I don't mind the power lines as much as the power plant. Especially if you bought an apartment in the Marina and you are looking STRAIGHT at it


----------



## Face81 (Aug 24, 2004)

juiced said:


> I don't mind the power lines as much as the power plant. Especially if you bought an apartment in the Marina and you are looking STRAIGHT at it


which unfortunately, a fair few people will be! And on days when the air is clear, they will be able to look right into Dubal and the rest of JAFZ.....Lucky them!

-Face81
:jippo:


----------



## Guest (Sep 30, 2004)

Does it has an affect like the mobile coverage antennas on the people


----------



## Face81 (Aug 24, 2004)

Shaheen said:


> Does it has an affect like the mobile coverage antennas on the people


ONLY if ur living directly underneath them. Driving by has no affect, but prolonged exposure UNDER overhead cables can cause serious damage.

-Face81
:jippo:


----------



## Guest (Sep 30, 2004)

Thanks very usfull information.

Its not only those things which annoyes people, also the cement factory which is near al quoz area, I wonder when they will remove it.


----------



## juiced (Aug 18, 2004)

Shaheen said:


> Does it has an affect like the mobile coverage antennas on the people


What do they do??


----------



## Dubai-Lover (Jul 4, 2004)

there is a lot of old stuff around. not only at marina jlt area
on jumeirah beach road there are a lot of decayed houses that look really bad. i've mentioned it once. have a look at the area behind beach road when you leave "the village center" mall.
but even at jb road there are a lot of old houses that spoil the scenery


----------



## Face81 (Aug 24, 2004)

juiced said:


> What do they do??


To make wot I was going to say seem more official, i decided to look it up for u:

"By far the cheapest way to transport electricity is by means of overhead cables, supported by large transmission towers or pylons.
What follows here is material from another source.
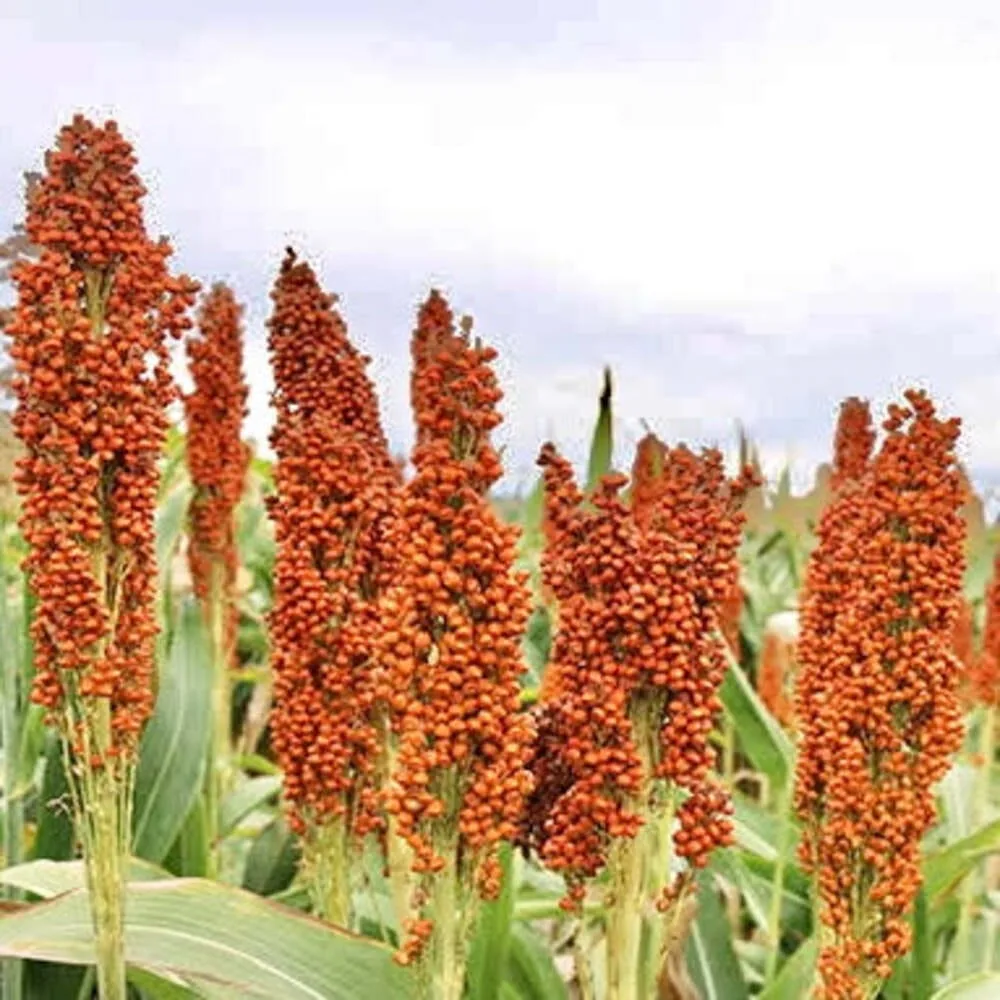 Native Hill Red Sorghum / Sivappu Cholam Seeds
The towers themselves do not give off electromagnetic fields. It is the cables that are strung between them which emit magnetic and electric fields. The electric field is proportional to the line voltage, while the magnetic field depends on the load current. Typically, high voltage transmission lines carry high current and therefore give off both high electric and high magnetic fields.

Most 132kV and all lower voltage lines (e.g. 33kV, 11kV, 415 volts and 230 volts) are owned by the power companies. These may be British or international companies. There are two types of field produced by the powerlines. The electric field depends on the voltageand is there all the time, the magnetic field is caused by electric current flowing when people use electrical power and can therefore vary considerably.
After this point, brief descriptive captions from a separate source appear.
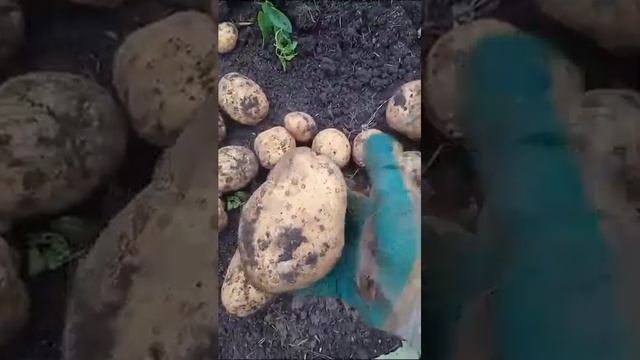 Урожай картофеля сорта Мадейра смотреть онлайн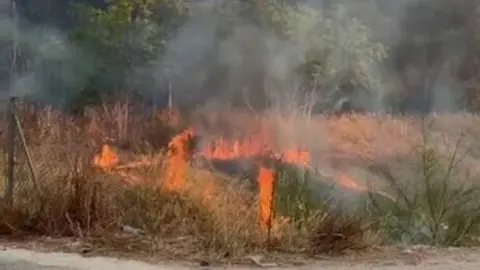 Incendio de matorral entre El Palmar y Sangonera la Verde (foto: La 7)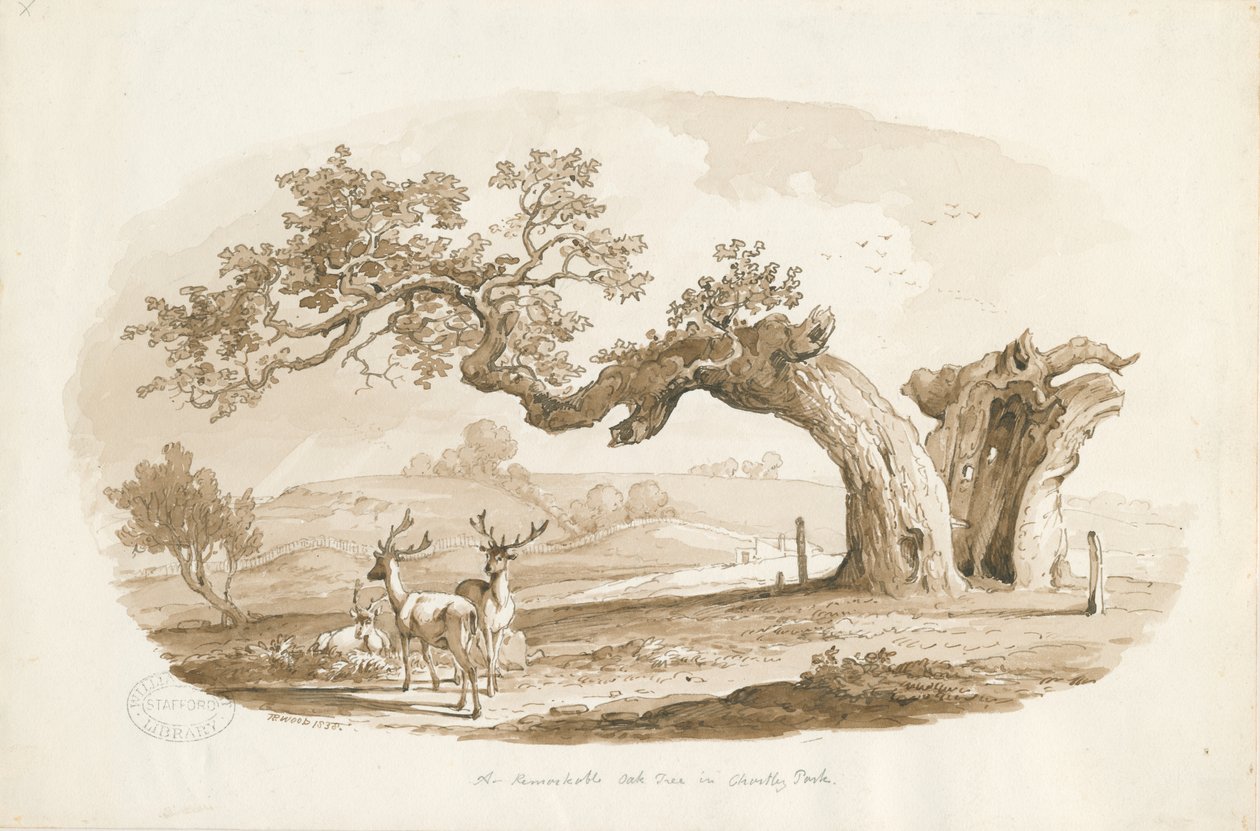 Chartley Hall - Park: sepya çizimi (vinyetli) by Thomas Peploe Wood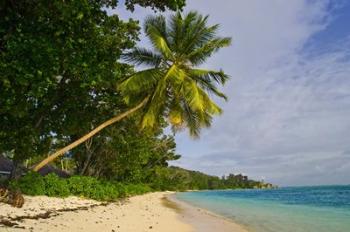 Leaning palm. Anse-Source D'Argent Beach, Seychelles, Africa | Obraz na stenu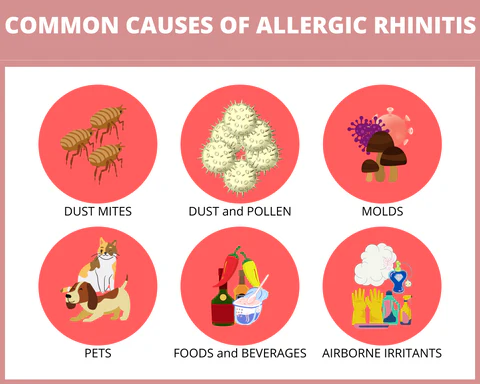 allergic_rhinitisth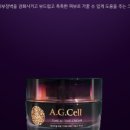 피누스스토어온새미로 이미지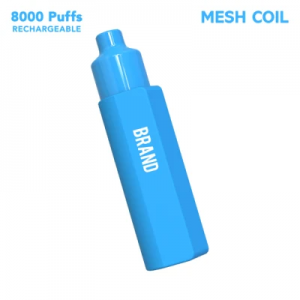 Χονδρική χονδρική πένα ατμού 8000 Puffs 16ml E Juice Double Mesh Coil Vaporizer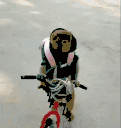 SamyBike animated emote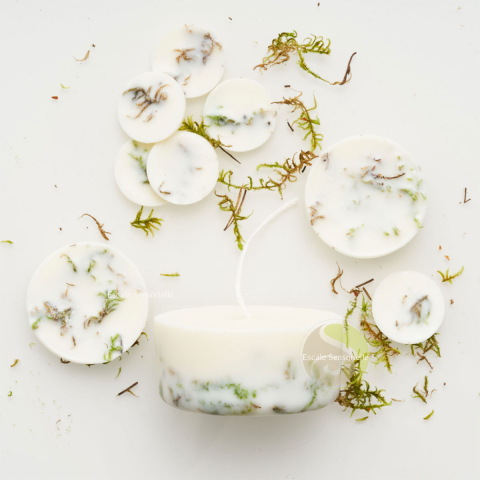 Bougie et fondants parfumés moss (mousse)
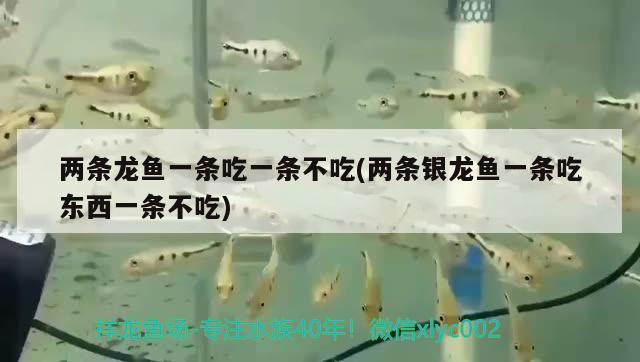 兩條龍魚一條吃一條不吃(兩條銀龍魚一條吃東西一條不吃)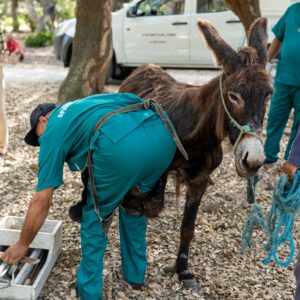 Brown donkey having his hooves trimmed by trained farrier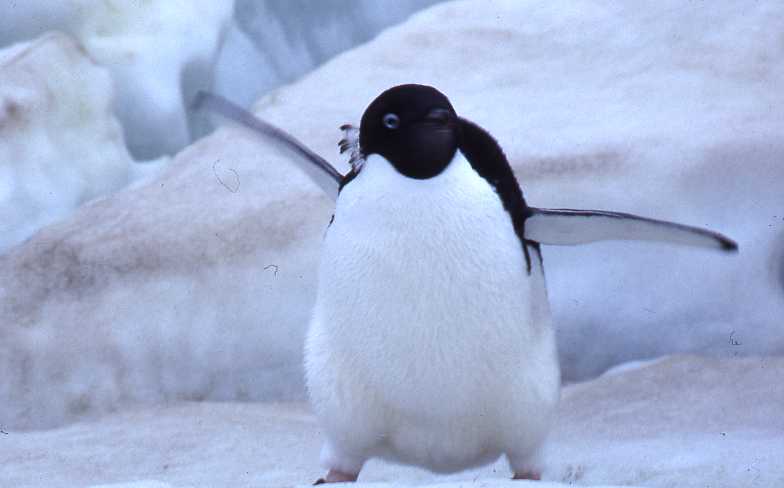 An%20angry%20little%20penguin.jpg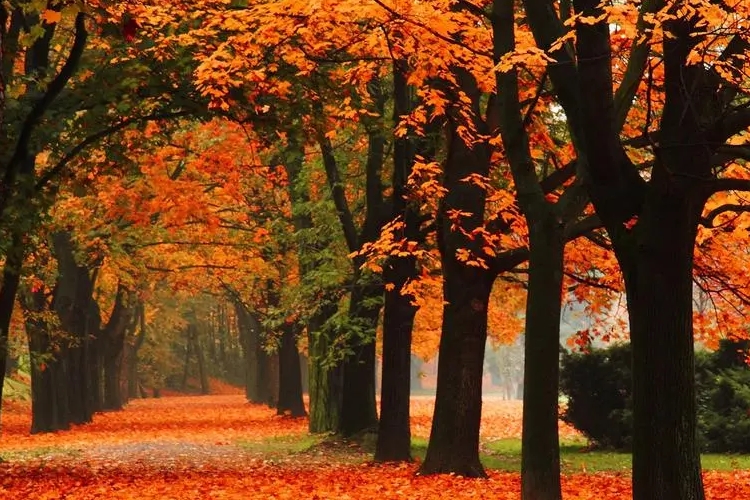 描写秋天的诗句有哪些.jpg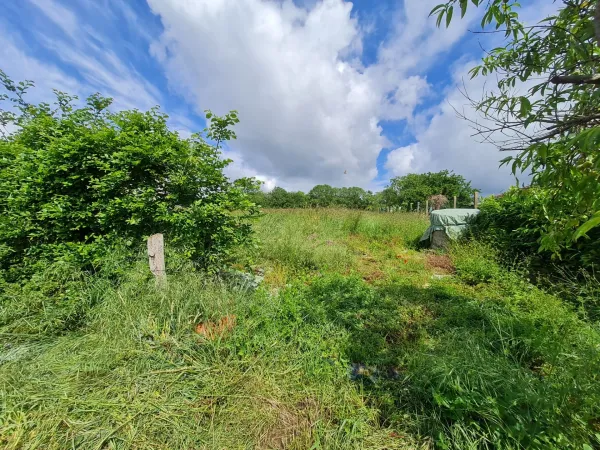 Terrain 2874 m²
Electric fields reduce with distance and are also stopped by most building materials. Electric fields from powerlines do not present a problem in a house, but they may be too high in a garden. In about 50% of the houses we have surveyed, we found high electric fields inside the house, caused by the way the houses were wired. When you get high electric and magnetic fields together, the health risk has been found to increase by a factor of up to 11-fold. We recommend you measure the EMF field levels.
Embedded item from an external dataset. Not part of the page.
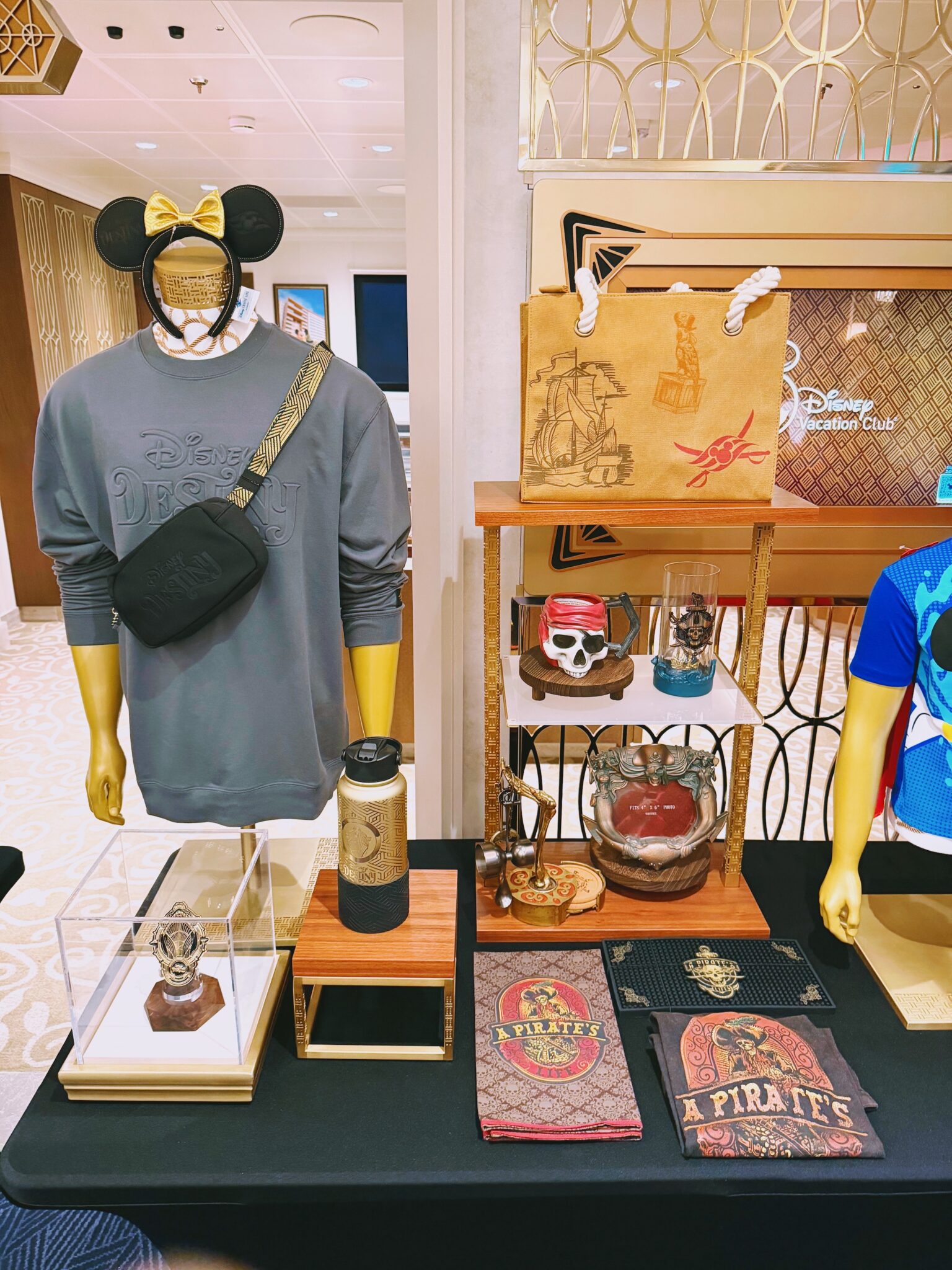 Disney destiny merchandise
For all practical purposes magnetic fields cannot be stopped and will travel through the walls of nearby buildings as if they were not there.
If you live within 200 metres from the cables between pylons, you may be living in fields which could affect you. High power lines may need greater clearance, some low power lines may need less, depending on factors such as how large the load is and whether the load is balanced. We strongly recommend you measure the EMF field levels.

Recent research at Bristol University shows that the electric fields surrounding overhead cables cause air ionisation, charging fine aerosols and particles which can include carcinogens (cancer-producing substances), which are then wind-blown or carried in the rain up to 500 metres or more down wind of a 400 kV electricity transmission line. They also charge these particles making them more likely to stick in your lungs.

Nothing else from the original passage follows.